### The task
Only the lines below between the ones containing "726 Meadow Gate Converse TX 78109" and "run windows on mac free", inclusive, are to be reproduced, each exactly as it stands.

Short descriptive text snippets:
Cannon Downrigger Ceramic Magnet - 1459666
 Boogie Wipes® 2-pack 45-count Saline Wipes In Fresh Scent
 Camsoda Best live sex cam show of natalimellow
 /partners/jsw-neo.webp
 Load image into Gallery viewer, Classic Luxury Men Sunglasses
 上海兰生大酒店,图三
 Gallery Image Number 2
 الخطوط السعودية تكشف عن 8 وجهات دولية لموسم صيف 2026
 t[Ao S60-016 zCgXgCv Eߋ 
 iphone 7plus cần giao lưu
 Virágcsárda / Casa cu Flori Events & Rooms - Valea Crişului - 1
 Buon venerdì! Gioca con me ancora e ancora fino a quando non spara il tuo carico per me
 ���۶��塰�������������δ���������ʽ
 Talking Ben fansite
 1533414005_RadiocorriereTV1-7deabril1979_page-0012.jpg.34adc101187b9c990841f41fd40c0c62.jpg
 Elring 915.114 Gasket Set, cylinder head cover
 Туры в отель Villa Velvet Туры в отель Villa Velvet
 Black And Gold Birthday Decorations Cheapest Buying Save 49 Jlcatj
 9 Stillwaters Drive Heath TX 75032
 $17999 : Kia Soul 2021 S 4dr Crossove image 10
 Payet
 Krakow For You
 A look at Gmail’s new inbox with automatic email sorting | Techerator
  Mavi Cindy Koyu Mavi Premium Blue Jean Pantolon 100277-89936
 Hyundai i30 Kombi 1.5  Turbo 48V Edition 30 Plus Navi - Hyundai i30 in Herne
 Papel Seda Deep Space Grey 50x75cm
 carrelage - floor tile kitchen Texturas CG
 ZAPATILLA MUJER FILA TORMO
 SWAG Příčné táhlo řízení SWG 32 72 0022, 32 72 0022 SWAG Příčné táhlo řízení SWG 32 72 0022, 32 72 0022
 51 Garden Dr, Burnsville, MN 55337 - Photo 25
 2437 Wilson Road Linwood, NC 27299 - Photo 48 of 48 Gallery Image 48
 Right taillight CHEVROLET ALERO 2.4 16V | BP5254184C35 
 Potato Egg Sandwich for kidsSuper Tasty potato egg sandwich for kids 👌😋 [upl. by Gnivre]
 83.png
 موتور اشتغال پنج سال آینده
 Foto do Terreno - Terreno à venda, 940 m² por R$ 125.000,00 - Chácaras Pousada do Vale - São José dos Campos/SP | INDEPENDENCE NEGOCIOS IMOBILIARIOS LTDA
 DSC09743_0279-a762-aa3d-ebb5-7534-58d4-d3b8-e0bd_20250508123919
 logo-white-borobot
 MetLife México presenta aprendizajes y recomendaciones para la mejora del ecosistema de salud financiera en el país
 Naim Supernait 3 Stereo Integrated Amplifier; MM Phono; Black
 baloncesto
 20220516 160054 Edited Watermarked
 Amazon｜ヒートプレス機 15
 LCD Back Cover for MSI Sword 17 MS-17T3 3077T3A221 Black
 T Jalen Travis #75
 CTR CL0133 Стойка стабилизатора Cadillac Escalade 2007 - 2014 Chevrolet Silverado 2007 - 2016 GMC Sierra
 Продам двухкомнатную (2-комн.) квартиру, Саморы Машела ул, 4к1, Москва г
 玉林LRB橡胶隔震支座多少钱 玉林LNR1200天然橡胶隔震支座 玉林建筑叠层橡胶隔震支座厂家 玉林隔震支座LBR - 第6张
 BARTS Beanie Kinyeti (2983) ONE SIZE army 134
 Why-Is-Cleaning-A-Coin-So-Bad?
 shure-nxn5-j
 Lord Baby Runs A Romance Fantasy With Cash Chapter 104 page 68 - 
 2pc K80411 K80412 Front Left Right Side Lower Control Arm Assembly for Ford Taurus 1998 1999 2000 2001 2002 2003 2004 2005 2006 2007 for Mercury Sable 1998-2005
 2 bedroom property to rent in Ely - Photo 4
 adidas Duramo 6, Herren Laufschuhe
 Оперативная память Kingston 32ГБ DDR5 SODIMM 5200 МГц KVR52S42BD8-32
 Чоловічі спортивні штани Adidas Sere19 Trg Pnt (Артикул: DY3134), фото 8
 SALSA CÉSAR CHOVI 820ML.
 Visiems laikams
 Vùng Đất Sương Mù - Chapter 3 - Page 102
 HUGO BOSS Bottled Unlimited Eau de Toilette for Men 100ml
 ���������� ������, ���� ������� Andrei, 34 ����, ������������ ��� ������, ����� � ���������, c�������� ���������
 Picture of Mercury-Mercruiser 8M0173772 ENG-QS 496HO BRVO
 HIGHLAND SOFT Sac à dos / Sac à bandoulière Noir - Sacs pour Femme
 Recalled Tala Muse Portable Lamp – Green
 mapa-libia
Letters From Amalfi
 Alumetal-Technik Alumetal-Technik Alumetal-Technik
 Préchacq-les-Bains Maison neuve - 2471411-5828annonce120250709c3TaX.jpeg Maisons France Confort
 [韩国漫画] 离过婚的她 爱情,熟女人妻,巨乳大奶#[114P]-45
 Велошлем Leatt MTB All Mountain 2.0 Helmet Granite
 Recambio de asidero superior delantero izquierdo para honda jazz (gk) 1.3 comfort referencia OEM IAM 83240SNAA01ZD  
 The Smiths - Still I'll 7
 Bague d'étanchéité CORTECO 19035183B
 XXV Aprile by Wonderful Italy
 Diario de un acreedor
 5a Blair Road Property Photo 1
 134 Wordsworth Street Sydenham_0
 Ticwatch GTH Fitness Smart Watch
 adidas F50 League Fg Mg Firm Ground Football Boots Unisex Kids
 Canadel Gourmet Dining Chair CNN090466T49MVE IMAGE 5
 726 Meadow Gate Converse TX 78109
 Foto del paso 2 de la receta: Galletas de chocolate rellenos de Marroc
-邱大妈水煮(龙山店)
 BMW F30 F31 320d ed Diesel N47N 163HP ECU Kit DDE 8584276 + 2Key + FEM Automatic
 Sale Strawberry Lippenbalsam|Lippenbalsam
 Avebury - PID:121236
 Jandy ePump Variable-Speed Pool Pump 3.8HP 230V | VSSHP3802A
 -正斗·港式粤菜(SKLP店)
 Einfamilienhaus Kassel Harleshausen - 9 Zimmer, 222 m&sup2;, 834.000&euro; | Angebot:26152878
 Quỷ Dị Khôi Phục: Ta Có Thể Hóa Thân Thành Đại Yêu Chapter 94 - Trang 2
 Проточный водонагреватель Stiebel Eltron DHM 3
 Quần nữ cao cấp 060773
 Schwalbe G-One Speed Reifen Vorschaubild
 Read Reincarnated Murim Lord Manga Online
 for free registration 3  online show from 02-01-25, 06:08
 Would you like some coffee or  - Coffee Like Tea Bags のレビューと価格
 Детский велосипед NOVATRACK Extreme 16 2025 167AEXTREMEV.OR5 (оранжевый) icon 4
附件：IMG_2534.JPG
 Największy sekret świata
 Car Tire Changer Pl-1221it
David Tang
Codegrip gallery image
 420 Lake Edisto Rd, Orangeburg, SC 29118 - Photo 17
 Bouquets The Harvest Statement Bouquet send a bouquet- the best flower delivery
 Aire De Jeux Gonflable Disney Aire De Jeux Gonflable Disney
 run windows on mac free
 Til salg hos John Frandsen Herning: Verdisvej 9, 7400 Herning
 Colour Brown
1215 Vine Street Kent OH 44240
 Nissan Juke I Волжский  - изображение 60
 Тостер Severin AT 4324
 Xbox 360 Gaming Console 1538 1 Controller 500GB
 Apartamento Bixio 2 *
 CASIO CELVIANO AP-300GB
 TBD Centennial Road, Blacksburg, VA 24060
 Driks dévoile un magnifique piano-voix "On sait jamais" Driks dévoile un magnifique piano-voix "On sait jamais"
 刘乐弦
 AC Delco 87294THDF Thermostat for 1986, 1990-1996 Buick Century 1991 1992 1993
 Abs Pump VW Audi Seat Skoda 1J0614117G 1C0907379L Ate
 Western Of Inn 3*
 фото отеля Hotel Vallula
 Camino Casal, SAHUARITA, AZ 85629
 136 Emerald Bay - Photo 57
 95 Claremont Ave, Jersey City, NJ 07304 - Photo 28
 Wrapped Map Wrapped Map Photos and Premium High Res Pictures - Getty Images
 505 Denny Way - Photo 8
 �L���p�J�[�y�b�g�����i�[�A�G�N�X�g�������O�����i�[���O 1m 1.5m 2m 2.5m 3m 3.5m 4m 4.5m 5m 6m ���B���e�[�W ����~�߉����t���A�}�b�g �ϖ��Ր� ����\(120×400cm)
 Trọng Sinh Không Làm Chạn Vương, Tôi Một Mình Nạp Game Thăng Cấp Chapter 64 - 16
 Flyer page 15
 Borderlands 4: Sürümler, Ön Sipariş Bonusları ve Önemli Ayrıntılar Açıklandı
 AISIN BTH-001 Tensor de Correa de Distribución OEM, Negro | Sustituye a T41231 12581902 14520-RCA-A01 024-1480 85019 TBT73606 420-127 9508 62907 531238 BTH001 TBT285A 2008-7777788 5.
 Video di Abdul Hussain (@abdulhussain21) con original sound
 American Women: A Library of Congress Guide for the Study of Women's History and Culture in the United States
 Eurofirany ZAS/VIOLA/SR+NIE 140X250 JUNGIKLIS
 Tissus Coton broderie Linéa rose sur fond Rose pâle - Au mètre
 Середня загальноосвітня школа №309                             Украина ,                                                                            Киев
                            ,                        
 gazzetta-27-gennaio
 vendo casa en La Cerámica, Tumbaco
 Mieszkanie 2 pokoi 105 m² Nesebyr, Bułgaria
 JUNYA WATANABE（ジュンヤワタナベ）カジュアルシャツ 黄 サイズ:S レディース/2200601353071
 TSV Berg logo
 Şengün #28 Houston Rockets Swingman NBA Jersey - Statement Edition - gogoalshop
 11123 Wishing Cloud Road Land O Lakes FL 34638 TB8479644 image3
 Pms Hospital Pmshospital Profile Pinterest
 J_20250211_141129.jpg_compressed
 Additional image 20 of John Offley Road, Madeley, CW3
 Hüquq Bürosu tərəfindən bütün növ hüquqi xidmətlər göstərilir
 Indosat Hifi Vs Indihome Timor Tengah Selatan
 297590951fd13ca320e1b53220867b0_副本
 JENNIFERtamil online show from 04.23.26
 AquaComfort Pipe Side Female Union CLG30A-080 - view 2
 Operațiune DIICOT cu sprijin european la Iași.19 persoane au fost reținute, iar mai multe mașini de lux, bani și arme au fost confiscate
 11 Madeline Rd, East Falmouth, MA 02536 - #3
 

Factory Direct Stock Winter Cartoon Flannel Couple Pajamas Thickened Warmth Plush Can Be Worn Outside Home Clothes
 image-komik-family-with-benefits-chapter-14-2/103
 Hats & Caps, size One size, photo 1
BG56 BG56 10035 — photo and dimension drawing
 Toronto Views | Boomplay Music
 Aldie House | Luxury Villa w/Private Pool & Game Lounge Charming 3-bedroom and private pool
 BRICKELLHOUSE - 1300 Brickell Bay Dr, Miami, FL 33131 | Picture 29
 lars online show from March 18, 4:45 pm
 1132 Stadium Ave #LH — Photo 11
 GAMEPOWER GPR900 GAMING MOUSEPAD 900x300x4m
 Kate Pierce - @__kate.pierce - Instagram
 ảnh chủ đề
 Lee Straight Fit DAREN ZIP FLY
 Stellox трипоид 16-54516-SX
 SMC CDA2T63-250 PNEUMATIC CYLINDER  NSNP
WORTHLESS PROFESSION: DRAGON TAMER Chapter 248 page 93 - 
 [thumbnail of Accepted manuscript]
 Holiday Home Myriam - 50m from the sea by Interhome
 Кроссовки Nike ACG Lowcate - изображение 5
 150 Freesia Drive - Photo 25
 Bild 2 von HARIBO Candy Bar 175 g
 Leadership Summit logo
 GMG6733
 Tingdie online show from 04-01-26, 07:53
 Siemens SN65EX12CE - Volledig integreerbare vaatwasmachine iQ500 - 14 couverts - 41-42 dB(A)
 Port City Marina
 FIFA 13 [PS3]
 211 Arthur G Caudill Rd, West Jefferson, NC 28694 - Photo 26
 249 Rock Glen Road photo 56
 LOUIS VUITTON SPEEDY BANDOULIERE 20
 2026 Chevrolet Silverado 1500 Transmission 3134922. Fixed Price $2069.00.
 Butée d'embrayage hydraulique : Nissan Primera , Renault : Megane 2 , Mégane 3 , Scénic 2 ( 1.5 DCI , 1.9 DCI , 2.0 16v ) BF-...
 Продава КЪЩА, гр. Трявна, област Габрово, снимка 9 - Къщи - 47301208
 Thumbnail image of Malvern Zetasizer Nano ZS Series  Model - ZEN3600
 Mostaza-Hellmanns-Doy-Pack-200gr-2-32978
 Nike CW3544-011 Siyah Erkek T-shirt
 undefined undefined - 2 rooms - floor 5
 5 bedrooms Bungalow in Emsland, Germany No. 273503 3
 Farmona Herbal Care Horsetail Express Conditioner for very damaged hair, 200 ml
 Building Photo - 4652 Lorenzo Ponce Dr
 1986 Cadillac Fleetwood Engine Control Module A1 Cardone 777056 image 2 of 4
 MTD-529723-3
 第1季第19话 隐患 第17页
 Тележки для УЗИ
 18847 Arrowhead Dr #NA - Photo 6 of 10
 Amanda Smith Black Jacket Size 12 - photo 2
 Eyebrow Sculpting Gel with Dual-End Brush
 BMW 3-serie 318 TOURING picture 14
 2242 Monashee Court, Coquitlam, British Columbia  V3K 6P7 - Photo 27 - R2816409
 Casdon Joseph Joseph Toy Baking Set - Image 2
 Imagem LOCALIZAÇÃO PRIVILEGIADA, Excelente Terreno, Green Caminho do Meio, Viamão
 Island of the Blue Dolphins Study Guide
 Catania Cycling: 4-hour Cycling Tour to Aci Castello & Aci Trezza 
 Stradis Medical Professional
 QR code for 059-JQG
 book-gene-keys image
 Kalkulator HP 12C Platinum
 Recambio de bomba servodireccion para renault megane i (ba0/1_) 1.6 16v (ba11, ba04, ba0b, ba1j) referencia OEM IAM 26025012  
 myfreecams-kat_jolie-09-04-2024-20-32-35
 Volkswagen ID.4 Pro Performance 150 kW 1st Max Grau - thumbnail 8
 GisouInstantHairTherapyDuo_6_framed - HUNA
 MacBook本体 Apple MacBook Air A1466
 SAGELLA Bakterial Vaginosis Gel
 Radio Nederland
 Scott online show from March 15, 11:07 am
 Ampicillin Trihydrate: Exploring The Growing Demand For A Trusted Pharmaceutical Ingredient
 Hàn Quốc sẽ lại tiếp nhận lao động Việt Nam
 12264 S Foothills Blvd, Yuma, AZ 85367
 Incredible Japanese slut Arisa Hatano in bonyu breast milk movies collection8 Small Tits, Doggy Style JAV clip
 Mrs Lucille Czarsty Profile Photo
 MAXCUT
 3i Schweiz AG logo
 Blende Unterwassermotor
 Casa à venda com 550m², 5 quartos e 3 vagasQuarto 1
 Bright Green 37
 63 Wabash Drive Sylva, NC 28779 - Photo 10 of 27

### Solved exercise
 726 Meadow Gate Converse TX 78109
 Foto del paso 2 de la receta: Galletas de chocolate rellenos de Marroc
-邱大妈水煮(龙山店)
 BMW F30 F31 320d ed Diesel N47N 163HP ECU Kit DDE 8584276 + 2Key + FEM Automatic
 Sale Strawberry Lippenbalsam|Lippenbalsam
 Avebury - PID:121236
 Jandy ePump Variable-Speed Pool Pump 3.8HP 230V | VSSHP3802A
 -正斗·港式粤菜(SKLP店)
 Einfamilienhaus Kassel Harleshausen - 9 Zimmer, 222 m&sup2;, 834.000&euro; | Angebot:26152878
 Quỷ Dị Khôi Phục: Ta Có Thể Hóa Thân Thành Đại Yêu Chapter 94 - Trang 2
 Проточный водонагреватель Stiebel Eltron DHM 3
 Quần nữ cao cấp 060773
 Schwalbe G-One Speed Reifen Vorschaubild
 Read Reincarnated Murim Lord Manga Online
 for free registration 3  online show from 02-01-25, 06:08
 Would you like some coffee or  - Coffee Like Tea Bags のレビューと価格
 Детский велосипед NOVATRACK Extreme 16 2025 167AEXTREMEV.OR5 (оранжевый) icon 4
附件：IMG_2534.JPG
 Największy sekret świata
 Car Tire Changer Pl-1221it
David Tang
Codegrip gallery image
 420 Lake Edisto Rd, Orangeburg, SC 29118 - Photo 17
 Bouquets The Harvest Statement Bouquet send a bouquet- the best flower delivery
 Aire De Jeux Gonflable Disney Aire De Jeux Gonflable Disney
 run windows on mac free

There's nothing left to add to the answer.